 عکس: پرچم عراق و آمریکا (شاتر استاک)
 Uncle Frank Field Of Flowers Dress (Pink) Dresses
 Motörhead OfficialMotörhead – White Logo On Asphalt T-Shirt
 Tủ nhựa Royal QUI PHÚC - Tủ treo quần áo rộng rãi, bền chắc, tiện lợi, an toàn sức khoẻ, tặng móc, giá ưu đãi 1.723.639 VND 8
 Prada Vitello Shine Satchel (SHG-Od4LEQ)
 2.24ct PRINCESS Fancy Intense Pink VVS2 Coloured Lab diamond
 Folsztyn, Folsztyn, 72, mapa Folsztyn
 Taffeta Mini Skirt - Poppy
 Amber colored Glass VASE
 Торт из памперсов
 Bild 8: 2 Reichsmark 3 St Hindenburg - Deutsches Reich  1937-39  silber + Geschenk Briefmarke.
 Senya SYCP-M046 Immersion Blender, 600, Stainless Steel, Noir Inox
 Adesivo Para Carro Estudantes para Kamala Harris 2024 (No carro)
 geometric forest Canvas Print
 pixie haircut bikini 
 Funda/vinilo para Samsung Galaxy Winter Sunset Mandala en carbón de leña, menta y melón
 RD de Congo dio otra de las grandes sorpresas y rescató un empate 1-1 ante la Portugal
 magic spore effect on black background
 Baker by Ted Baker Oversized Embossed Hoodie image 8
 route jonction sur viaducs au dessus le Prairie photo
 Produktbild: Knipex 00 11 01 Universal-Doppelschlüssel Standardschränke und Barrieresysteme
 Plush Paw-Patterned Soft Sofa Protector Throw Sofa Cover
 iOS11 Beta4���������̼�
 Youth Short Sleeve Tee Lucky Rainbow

**TASK DETAILS**
Write the records out again. Keep every line exactly as it is.

**REPLY TO THE EXERCISE**
 عکس: پرچم عراق و آمریکا (شاتر استاک)
 Uncle Frank Field Of Flowers Dress (Pink) Dresses
 Motörhead OfficialMotörhead – White Logo On Asphalt T-Shirt
 Tủ nhựa Royal QUI PHÚC - Tủ treo quần áo rộng rãi, bền chắc, tiện lợi, an toàn sức khoẻ, tặng móc, giá ưu đãi 1.723.639 VND 8
 Prada Vitello Shine Satchel (SHG-Od4LEQ)
 2.24ct PRINCESS Fancy Intense Pink VVS2 Coloured Lab diamond
 Folsztyn, Folsztyn, 72, mapa Folsztyn
 Taffeta Mini Skirt - Poppy
 Amber colored Glass VASE
 Торт из памперсов
 Bild 8: 2 Reichsmark 3 St Hindenburg - Deutsches Reich  1937-39  silber + Geschenk Briefmarke.
 Senya SYCP-M046 Immersion Blender, 600, Stainless Steel, Noir Inox
 Adesivo Para Carro Estudantes para Kamala Harris 2024 (No carro)
 geometric forest Canvas Print
 pixie haircut bikini 
 Funda/vinilo para Samsung Galaxy Winter Sunset Mandala en carbón de leña, menta y melón
 RD de Congo dio otra de las grandes sorpresas y rescató un empate 1-1 ante la Portugal
 magic spore effect on black background
 Baker by Ted Baker Oversized Embossed Hoodie image 8
 route jonction sur viaducs au dessus le Prairie photo
 Produktbild: Knipex 00 11 01 Universal-Doppelschlüssel Standardschränke und Barrieresysteme
 Plush Paw-Patterned Soft Sofa Protector Throw Sofa Cover
 iOS11 Beta4���������̼�
 Youth Short Sleeve Tee Lucky Rainbow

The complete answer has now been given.